Hooray!! The infected pc sent the gmer file through hotmail so I got it to you.

Will go back and work on the dds file; haven't even been able to send in partials other than what I have posted. Obviously I'm not sure what the malware is tagging that bumps off hotmail when it I try to send that file.

Also, still have the Attach text to send and need instructions.

Let me know if you still need either of these before we start, or maybe we can start getting rid of some of this crap, or I should keep working on getting you the full set?

I'm sure I'll be up in the night checking for your instructions.

grensuvs


----------



## grensuvs (Nov 12, 2010)

Just to be complete, remembered that Java is blocked from updating also.

And still getting the "Generic Host Process for Win32 has encountered a problem" message.

All of above began when this malware began.

grensuvs


----------



## grensuvs (Nov 12, 2010)

Hi,

In the interest of giving you as complete a picture as possible, I was looking back on the infected pc to find where I had seen the remnant Symantec file; I don't find them anymore. (Perhaps deleted on a reboot?) 

1) Since AV programs can conflict with scanners to solve problems, so thought I'd mention that I found, under Application Data, Winpatrol, with an empty "Vault" folder, and the following files under Winpatrol: autoexec.bat, config.sys, HOSTS, and temp.reg. Under Documents and Settings, there is a housecall6.6 folder with a lot of files. Neither of these show up in Add/Remove Programs or I would have uninstalled them with the other excess AV/anti-malware.

Could you advise how to uninstall if they might be in the way now or later?

2) Microsoft Interactive Training, in Add/Remove programs, has a red slash through a red circle over it.

3) And the pc doesn't produce any sound from any means, or any kind of sound.

There's the full picture as far as I know it.

Thank you in advance!

grensuvs


----------



## grensuvs (Nov 12, 2010)

I know as I read back through my posts that it sounds like this pc has been neglected for awhile; truly, it has not been.

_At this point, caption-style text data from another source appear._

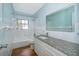 This bathroom offers a combination tub and shower, a large mirror, and nice vanity at 2809 Sanbina St, Winter Park, FL 32789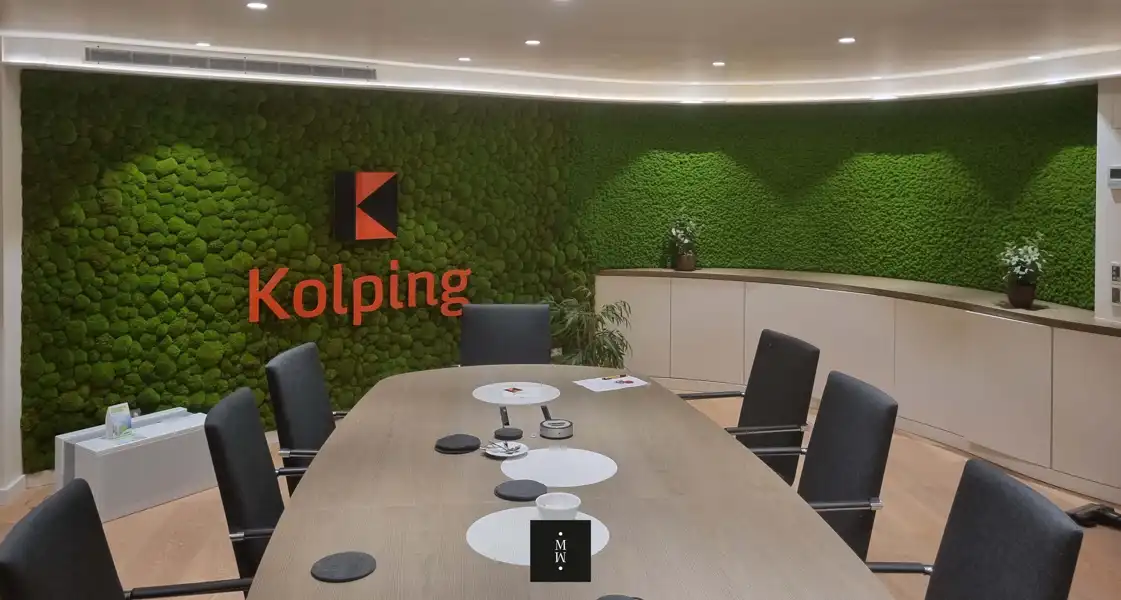 a room with a table and chairs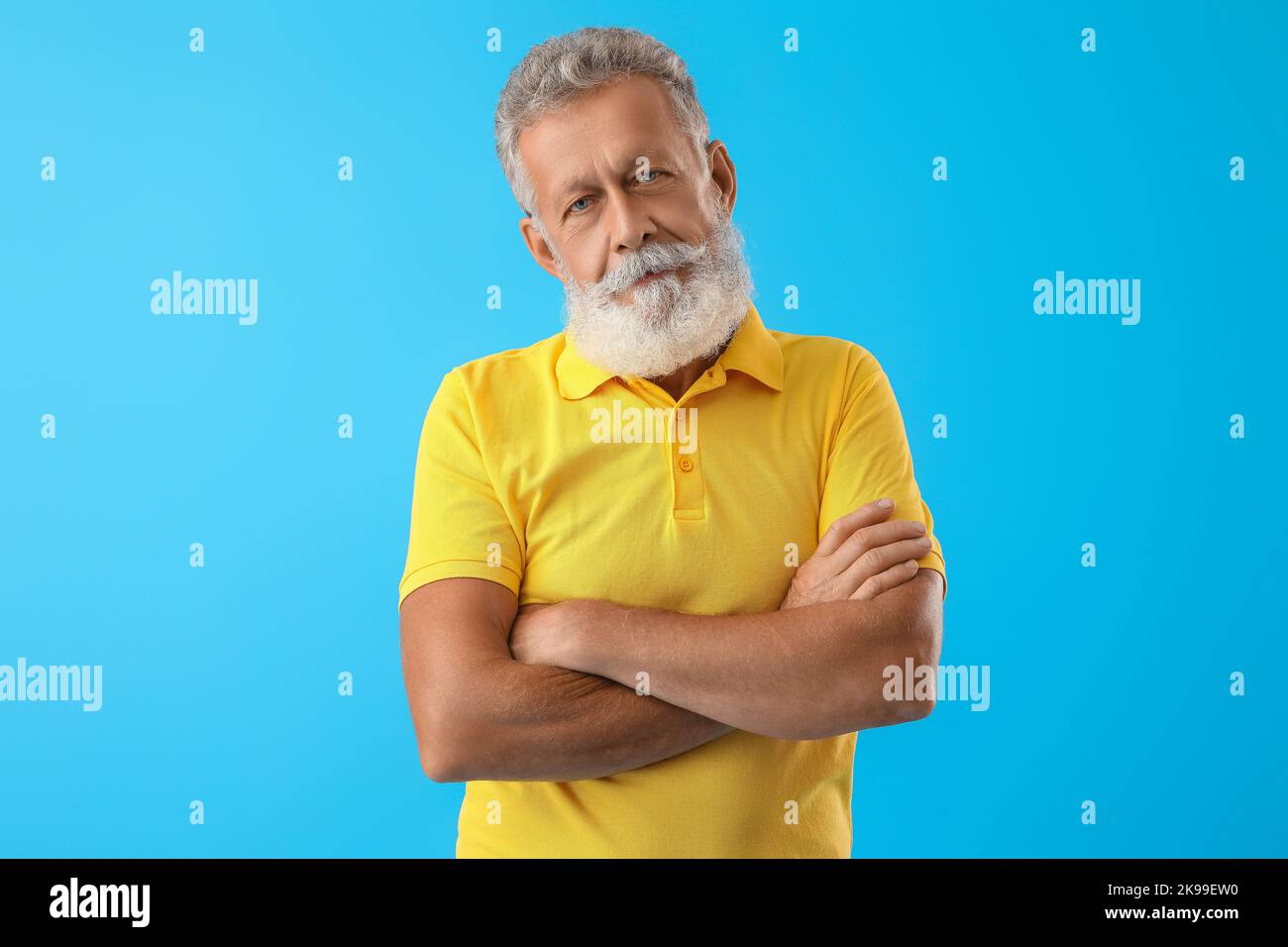 Bearded man in yellow shirt hi-res stock photography and images - Alamy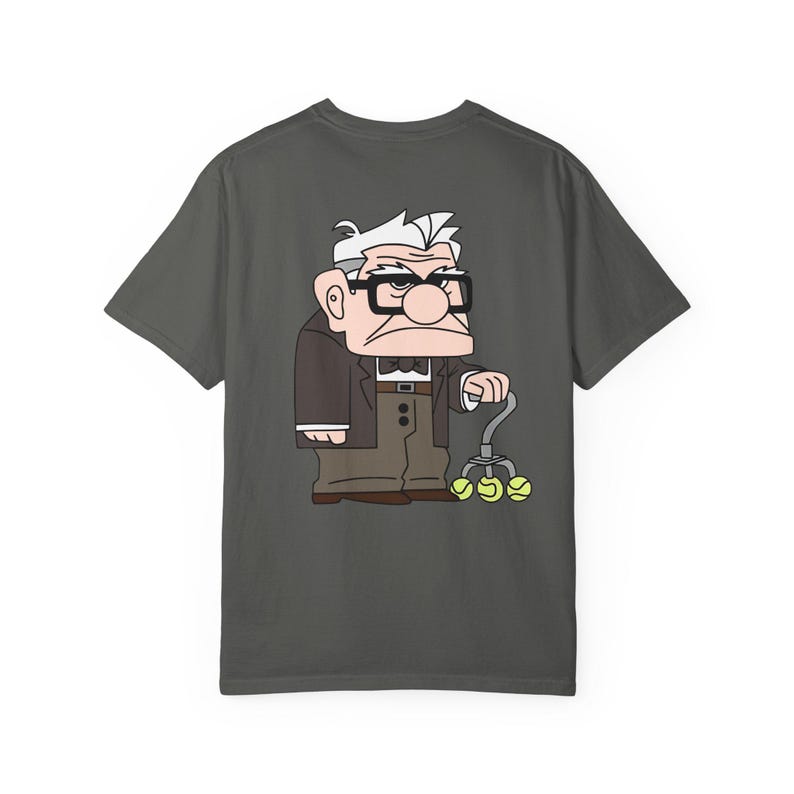 May include: Dark gray t-shirt featuring a cartoon illustration of an elderly man with glasses, a bow tie, and a cane with tennis balls. The character is wearing a brown suit jacket and pants. The design is centered on the shirt.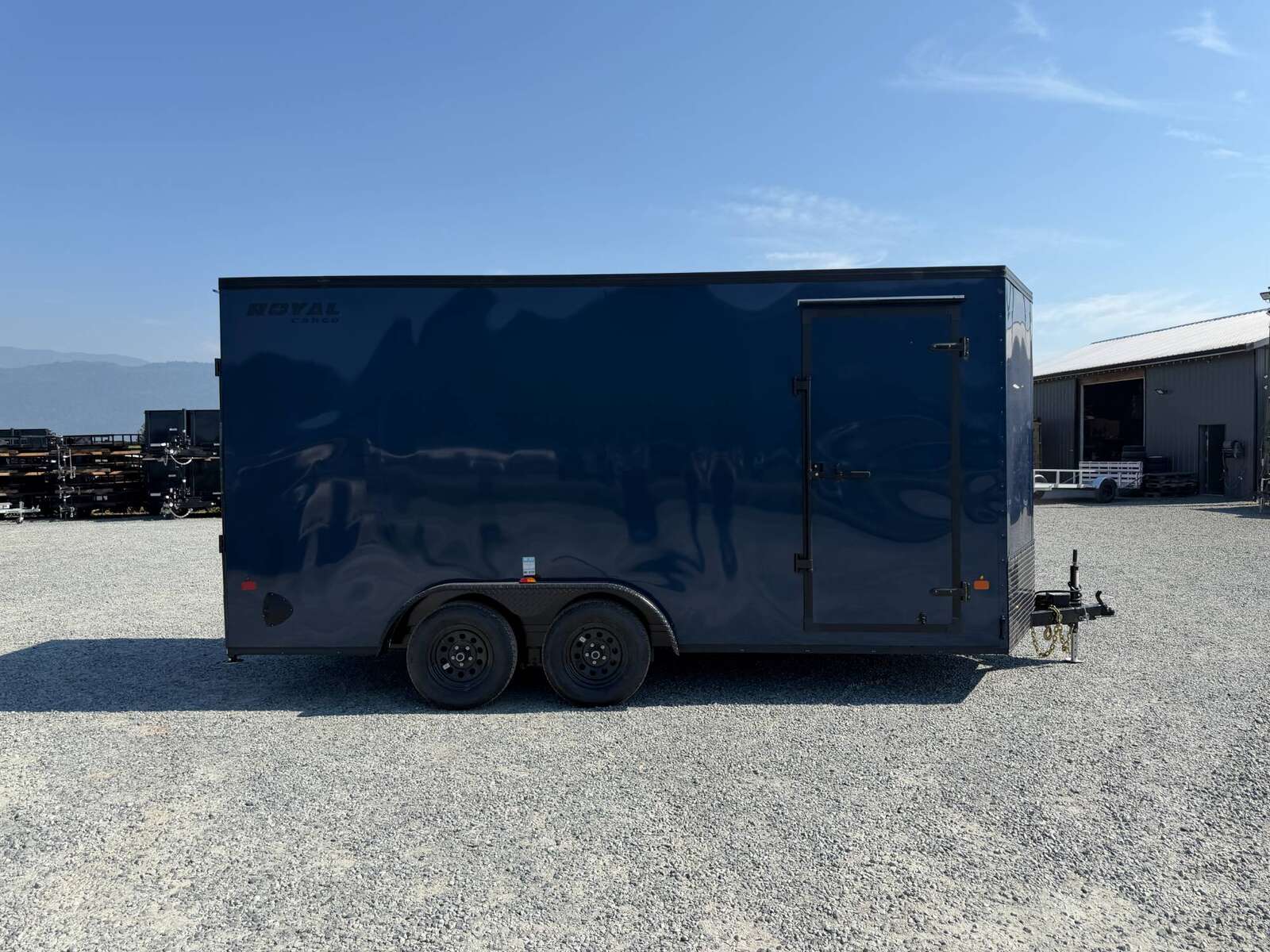 Photo of 2026 Royal 7.5X16 V-NOSE RAMP DOOR EXTRA HEIGHT Cargo / Enclosed Trailer Blue w/ Blackout Package 7700lb GVW (GSR)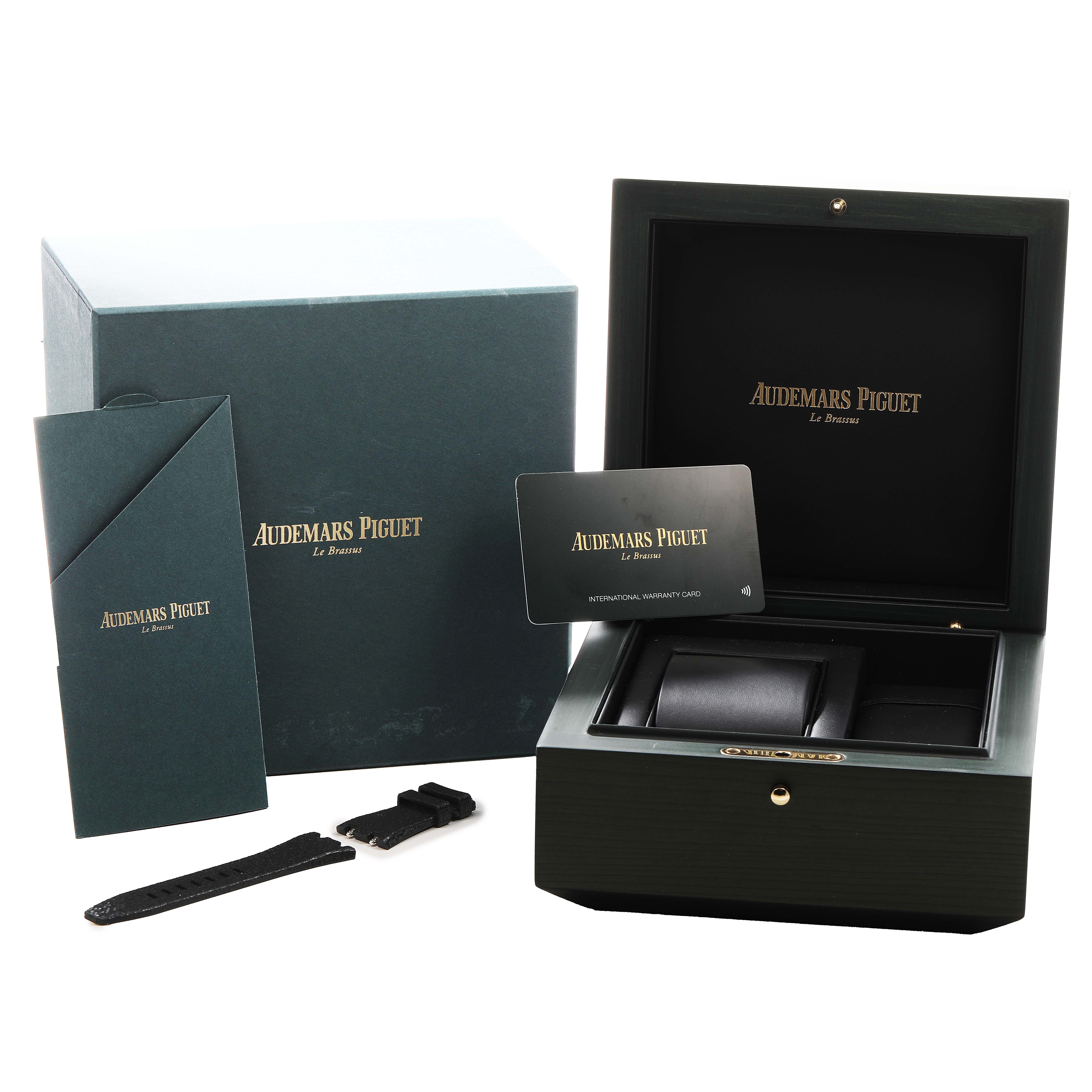 The image shows a large box, an envelope, a warranty card, and a strap for the Audemars Piguet Royal Oak Offshore 77605OK.OO.A101CA.01 Women's Rose Gold White Dial.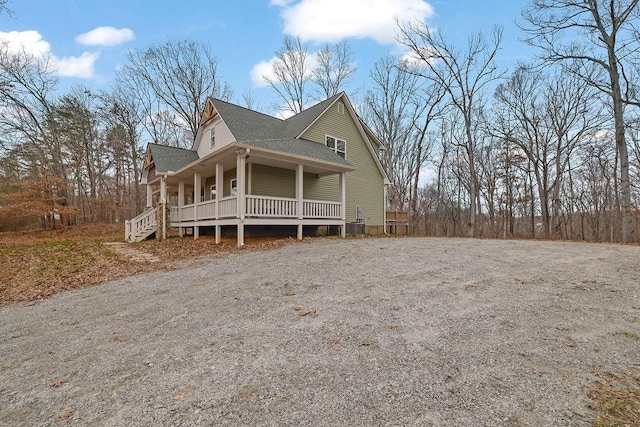 view of front of home with a porch and central AC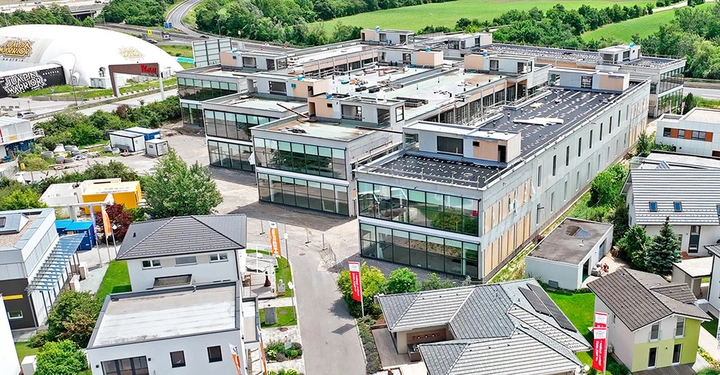Luftaufnahme des neuen Bauzentrums in der Blauen Lagune. 5 quaderförmige Gebäude mit viel Stahl und Glas inmitten der Fertighäuser. Grüne Wiese im Hintergrund. 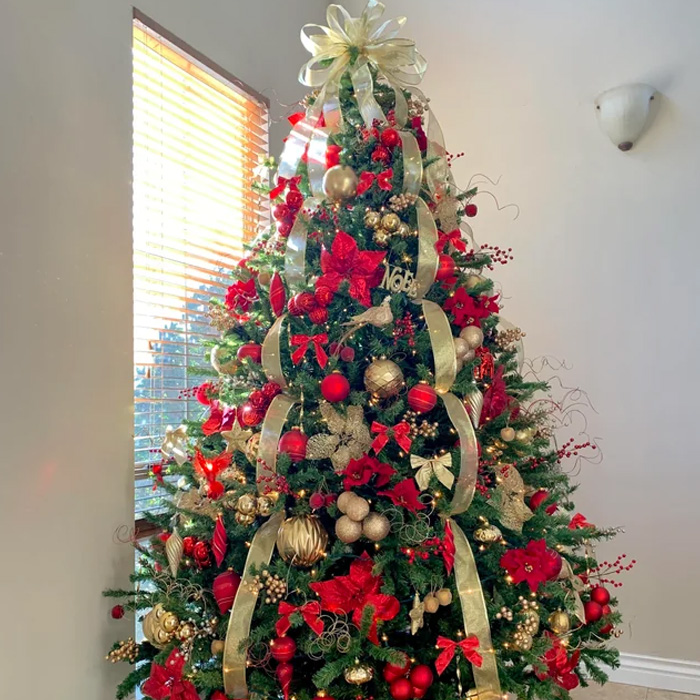 Christmas tree decorated with oversized ribbon topper, red and gold ornaments for magical Christmas tree decorations and ideas.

It seems like this malware not only dumps from an opened trojan (which the user can't avoid launching once a screen comes up) but, because of the redirect, also goes out a grabs new malware. Or they just don't get removed by typical AV means, and re-group. I hope I'm not overloading you with info, but I don't know what better to do than to provide all the info that I know, so that your detection and resolution can be easier/quicker. --grensuvs


----------



## dvk01 (Dec 14, 2002)

first step

Run tdss killer from http://support.kaspersky.com/viruses/solutions?qid=208280684

post back with its log

you might have to download it to another computer & then transfer it over by using a usb stick as the kaspersky site might be blovked by this malware rootkit


----------



## grensuvs (Nov 12, 2010)

I'm working on getting your log. Connected with the Kaspersky site OK; I think it does it the first time with these kinds of sites--seems like when you go back, it's blocked.

Update: on start up, Ultra Defragger came up; "x"ing to quit makes no difference. PC now gives me a "critical error" at bottom of screen near time, says "Windows can't find hard disk space. Hard drive error." In task mgr., svchost.exe ramped way high in memory, killed it. Also, 1789875.exe and IRwvxqSjaU.exe running in task mgr which really look like malware to me. HijackThis file has both of these in temp folder.

I guess I'm going to reboot b4 trying the utility given the missing hard drive message. 

****

I see that you're in the UK. I'm on Mountain Std Time, US. Could you tell me the beginning and end times that you're usually working on these issues, and I will modify my schedule to fit yours as best as possible?

****

Thanks, thanks, thanks for helping....

grensuvs


----------



## grensuvs (Nov 12, 2010)

Rebooted; Ultra Defragger screen came up; same exe files in Task Mgr; I killed the previously listed 178...exe and IRwv...exe files in Task Mgr; first one killed Ultra Defragger window.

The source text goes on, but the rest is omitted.